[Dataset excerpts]
┄┄┄┄┄┄┄┄┄┄
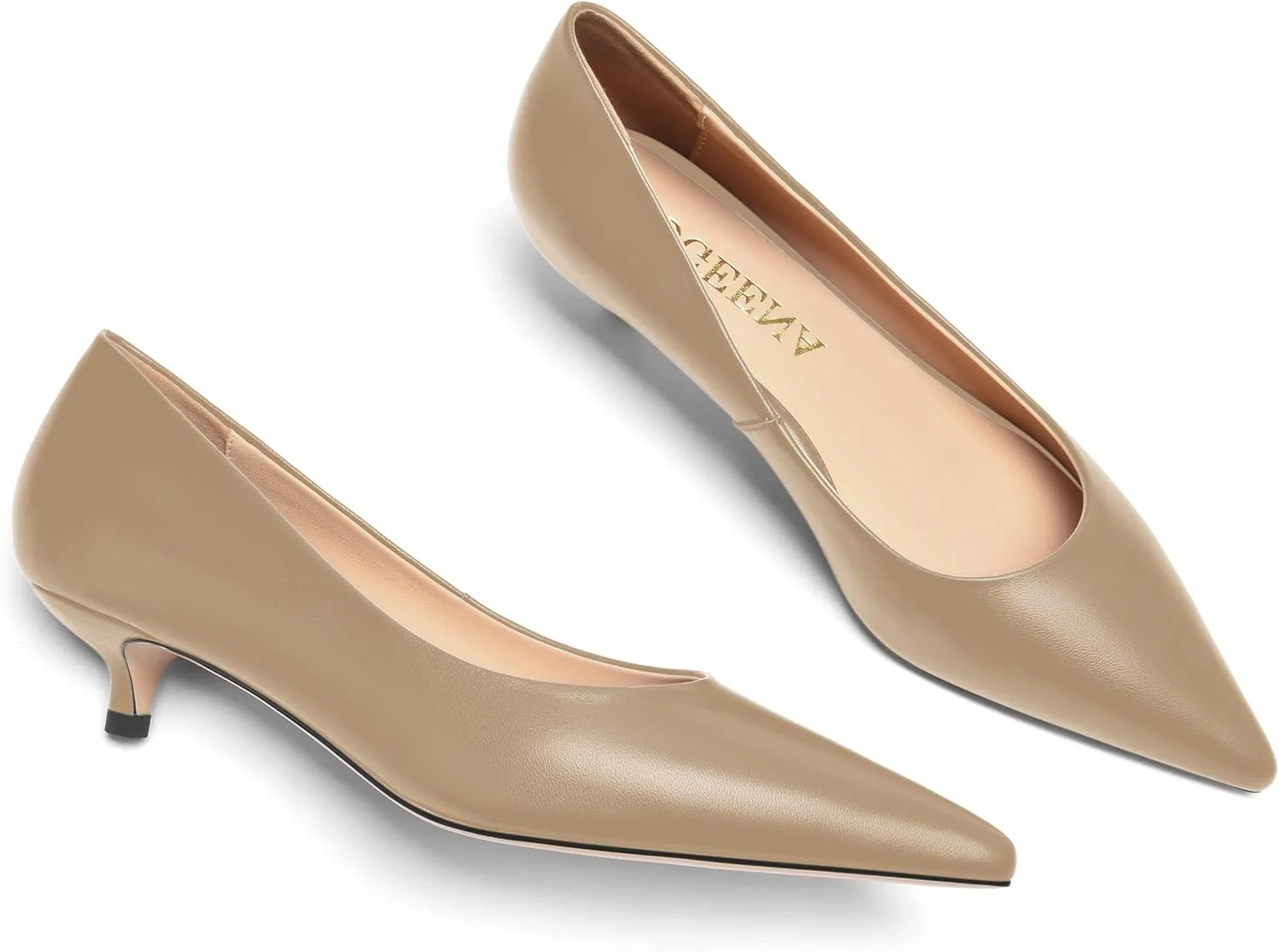 FOGEENA Womens Dating Matte Leather Comfortable Slip On Pointed Toe Casual Kitten Low Heel Pumps Dressy Shoes 1.5 Inch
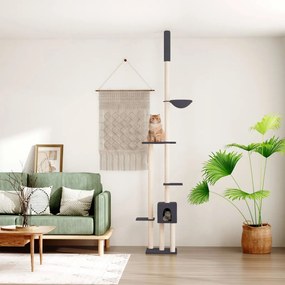 Albero Per Gatti Pavimento Soffitto Grigio Scuro 258,5-284,5 Cm /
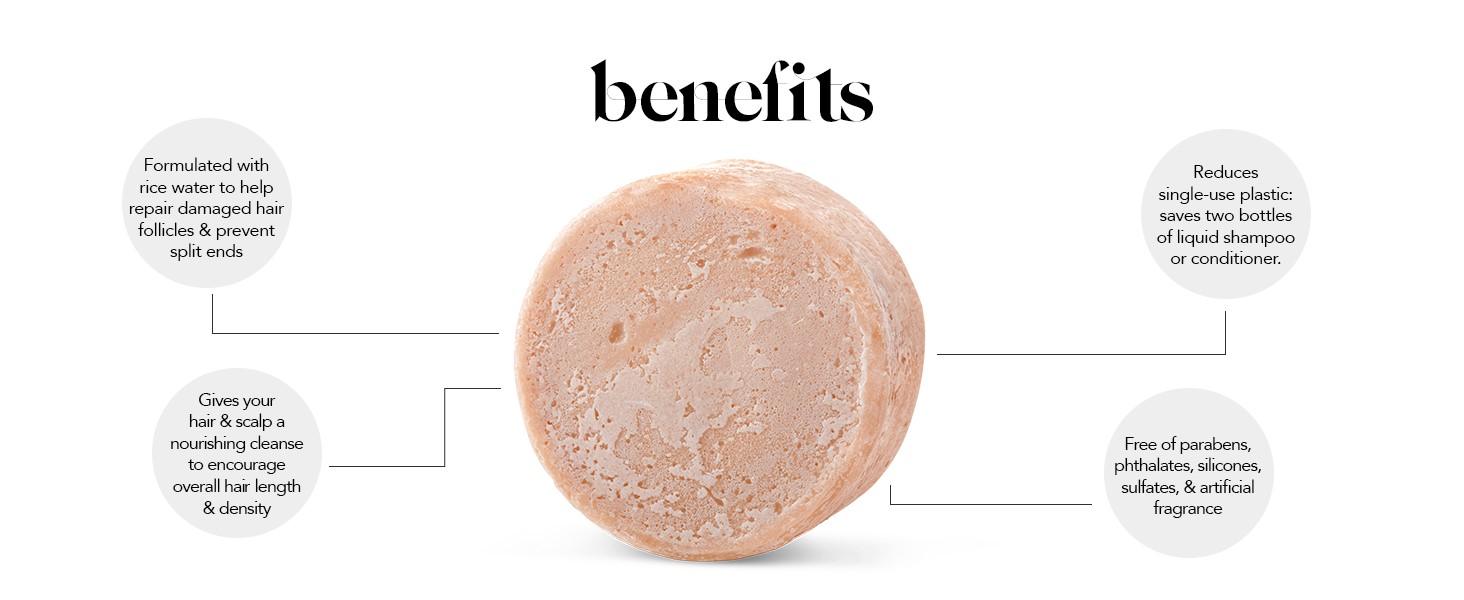 Kitsch Hair Growth Rice Shampoo Bar for Strengthening Helps Dry Hair Made in US All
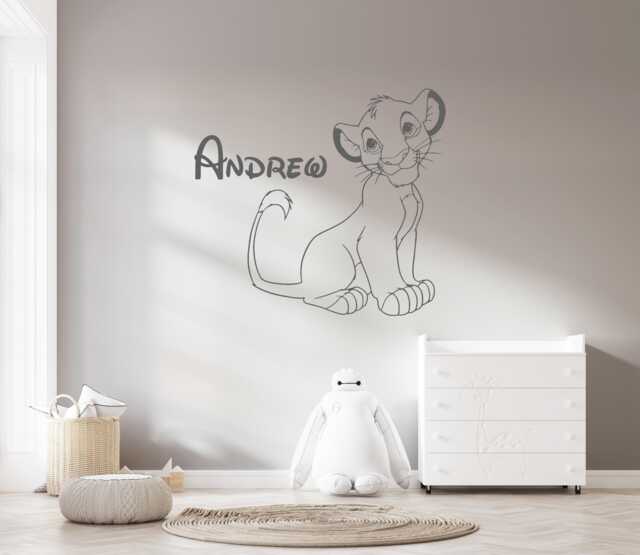 Simba Lion King Wall Decal Custom Name Nursery Decor 4088 - image 1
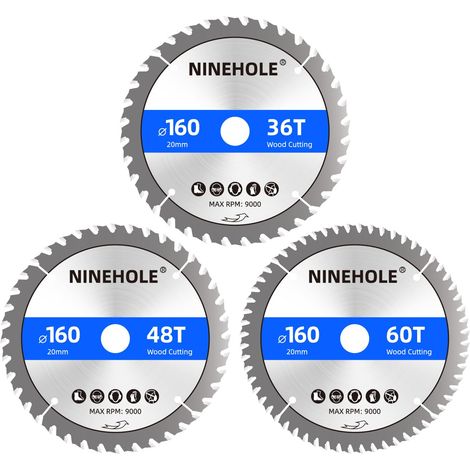 3pcs Lames de scie circulaire 160 x 20 mm (anneau 16 mm), 36/48/60 dents Coupes propres, Disque à Tronçonner pour Bois, Sèche, Stratifié, Cloison, Contreplaqué, Plastique (1/5)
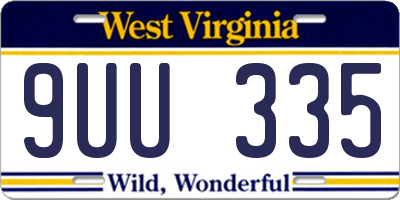 WV license plate 9UU335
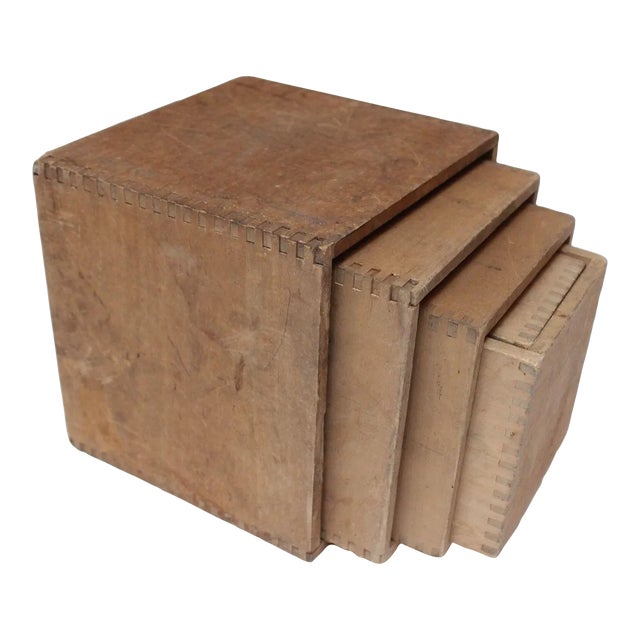Set of Seven Handmade Vintage Primitive Vintage Nesting Cubes/Blocks in Pine For Sale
┄┄┄┄┄┄┄┄┄┄
WORK TASK
For this exercise, set down exactly the lines that run from the line holding "3pcs Lames de" to the last line of the records above; include both end lines and omit pictures.

RESPONSE TO THIS TASK
 3pcs Lames de scie circulaire 160 x 20 mm (anneau 16 mm), 36/48/60 dents Coupes propres, Disque à Tronçonner pour Bois, Sèche, Stratifié, Cloison, Contreplaqué, Plastique (1/5)
 WV license plate 9UU335
Set of Seven Handmade Vintage Primitive Vintage Nesting Cubes/Blocks in Pine For Sale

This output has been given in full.